6. The gaze direction detecting method according to claim 5,

the first left-eye feature vector is generated by splicing the left-eye feature vector and the first feature vector;

the first right-eye feature vector is generated by splicing the right-eye feature vector and the first feature vector;

the first binocular feature vector is generated by stitching the left-eye feature vector, the right-eye feature vector and the first feature vector.

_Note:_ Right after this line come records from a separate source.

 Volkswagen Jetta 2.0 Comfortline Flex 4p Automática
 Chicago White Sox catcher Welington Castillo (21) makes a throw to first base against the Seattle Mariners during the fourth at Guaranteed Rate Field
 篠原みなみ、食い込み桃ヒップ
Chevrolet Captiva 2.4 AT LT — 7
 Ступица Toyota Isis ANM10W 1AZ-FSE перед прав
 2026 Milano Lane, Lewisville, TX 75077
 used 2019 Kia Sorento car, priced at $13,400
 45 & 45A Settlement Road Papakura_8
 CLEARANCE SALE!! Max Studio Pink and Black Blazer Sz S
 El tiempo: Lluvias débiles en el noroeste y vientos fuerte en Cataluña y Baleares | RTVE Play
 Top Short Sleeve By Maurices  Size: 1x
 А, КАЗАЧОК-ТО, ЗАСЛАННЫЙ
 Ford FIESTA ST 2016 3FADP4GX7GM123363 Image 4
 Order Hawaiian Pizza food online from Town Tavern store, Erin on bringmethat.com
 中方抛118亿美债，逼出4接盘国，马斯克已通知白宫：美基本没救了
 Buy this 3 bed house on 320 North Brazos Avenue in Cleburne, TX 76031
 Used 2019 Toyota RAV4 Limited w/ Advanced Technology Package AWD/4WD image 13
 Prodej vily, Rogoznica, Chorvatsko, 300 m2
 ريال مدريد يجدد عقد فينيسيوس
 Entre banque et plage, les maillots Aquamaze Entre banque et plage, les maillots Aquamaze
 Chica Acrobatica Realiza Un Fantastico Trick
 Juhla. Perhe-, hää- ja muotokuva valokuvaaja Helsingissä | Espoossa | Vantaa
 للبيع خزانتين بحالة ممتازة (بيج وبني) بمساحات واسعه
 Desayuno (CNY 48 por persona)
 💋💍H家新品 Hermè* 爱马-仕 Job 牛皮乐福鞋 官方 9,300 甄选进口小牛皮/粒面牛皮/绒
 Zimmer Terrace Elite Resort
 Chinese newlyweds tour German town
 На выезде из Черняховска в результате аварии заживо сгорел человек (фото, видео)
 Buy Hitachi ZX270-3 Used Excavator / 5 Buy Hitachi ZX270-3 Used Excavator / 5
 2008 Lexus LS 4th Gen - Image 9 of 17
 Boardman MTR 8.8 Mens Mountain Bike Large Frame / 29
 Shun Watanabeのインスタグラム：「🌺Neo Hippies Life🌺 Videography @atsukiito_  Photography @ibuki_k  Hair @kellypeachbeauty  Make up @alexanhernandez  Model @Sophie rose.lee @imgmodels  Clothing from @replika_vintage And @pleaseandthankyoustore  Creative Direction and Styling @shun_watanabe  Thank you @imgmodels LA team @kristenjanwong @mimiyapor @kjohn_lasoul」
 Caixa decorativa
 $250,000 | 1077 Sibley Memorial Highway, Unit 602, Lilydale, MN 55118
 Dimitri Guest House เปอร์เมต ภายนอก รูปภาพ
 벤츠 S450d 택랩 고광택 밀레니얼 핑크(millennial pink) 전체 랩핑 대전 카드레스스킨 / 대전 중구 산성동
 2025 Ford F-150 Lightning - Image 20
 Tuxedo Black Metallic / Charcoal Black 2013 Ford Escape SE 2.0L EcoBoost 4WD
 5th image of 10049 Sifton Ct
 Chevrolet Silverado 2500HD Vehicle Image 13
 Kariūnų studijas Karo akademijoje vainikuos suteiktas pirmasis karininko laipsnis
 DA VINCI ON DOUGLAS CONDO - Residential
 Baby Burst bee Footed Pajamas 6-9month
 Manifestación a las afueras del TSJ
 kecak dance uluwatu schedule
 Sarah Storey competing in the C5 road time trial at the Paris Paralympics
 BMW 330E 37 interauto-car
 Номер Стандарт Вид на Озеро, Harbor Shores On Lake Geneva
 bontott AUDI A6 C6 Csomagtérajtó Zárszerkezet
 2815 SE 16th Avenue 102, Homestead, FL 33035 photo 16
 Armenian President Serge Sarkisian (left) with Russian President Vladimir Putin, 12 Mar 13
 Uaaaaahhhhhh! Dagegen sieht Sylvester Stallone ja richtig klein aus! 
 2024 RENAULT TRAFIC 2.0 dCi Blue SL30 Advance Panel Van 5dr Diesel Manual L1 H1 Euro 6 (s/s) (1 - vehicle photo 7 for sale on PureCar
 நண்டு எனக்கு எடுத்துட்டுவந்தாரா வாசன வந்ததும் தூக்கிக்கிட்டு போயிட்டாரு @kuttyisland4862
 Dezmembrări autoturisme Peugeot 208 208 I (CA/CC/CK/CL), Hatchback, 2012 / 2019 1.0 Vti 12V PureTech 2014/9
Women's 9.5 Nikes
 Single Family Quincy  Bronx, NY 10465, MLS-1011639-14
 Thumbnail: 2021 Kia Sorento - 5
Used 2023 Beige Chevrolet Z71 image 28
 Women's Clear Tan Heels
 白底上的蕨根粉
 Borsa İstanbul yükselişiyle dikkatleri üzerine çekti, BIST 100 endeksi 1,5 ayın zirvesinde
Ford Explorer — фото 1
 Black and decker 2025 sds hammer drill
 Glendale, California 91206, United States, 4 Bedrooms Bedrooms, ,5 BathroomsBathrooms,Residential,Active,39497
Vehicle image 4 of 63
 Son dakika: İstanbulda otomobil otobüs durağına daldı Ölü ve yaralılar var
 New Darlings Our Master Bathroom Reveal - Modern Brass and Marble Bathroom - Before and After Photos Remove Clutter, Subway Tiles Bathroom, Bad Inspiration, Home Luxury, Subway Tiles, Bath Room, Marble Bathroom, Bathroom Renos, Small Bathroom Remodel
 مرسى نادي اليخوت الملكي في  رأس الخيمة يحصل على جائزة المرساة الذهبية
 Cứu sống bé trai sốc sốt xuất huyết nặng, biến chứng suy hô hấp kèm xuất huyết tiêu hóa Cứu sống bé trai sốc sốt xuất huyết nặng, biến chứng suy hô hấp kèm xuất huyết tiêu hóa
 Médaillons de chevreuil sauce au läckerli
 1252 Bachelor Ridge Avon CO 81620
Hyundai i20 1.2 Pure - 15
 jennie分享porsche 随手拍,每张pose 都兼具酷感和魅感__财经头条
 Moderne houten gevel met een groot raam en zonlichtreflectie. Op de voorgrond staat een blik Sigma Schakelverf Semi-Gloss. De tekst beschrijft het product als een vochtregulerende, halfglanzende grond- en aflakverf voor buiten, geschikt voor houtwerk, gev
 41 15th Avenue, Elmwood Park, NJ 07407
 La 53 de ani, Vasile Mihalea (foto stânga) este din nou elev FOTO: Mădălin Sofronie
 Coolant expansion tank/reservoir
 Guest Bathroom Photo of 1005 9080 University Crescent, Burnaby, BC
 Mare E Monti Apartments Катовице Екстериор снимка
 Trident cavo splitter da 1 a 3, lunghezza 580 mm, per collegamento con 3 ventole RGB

7. The gaze direction detection method according to claim 5, wherein determining the gaze direction of the target face from the gaze detection result comprises:

when the confidence degree branch is not included, taking the first detection result or the second detection result as the sight line detection result, and determining the sight line direction of the target face;

when the confidence branch is included, the method comprises the following steps:

and if the third detection result indicates that the left eye image and the right eye image are not credible, outputting no effective output.

8. A gaze direction detecting method according to claim 1, wherein before inputting the face map and the eye region map into a pre-trained neural network to perform gaze detection on the target face and obtain a gaze detection result, the method further comprises: and carrying out normalization processing on the eye region map.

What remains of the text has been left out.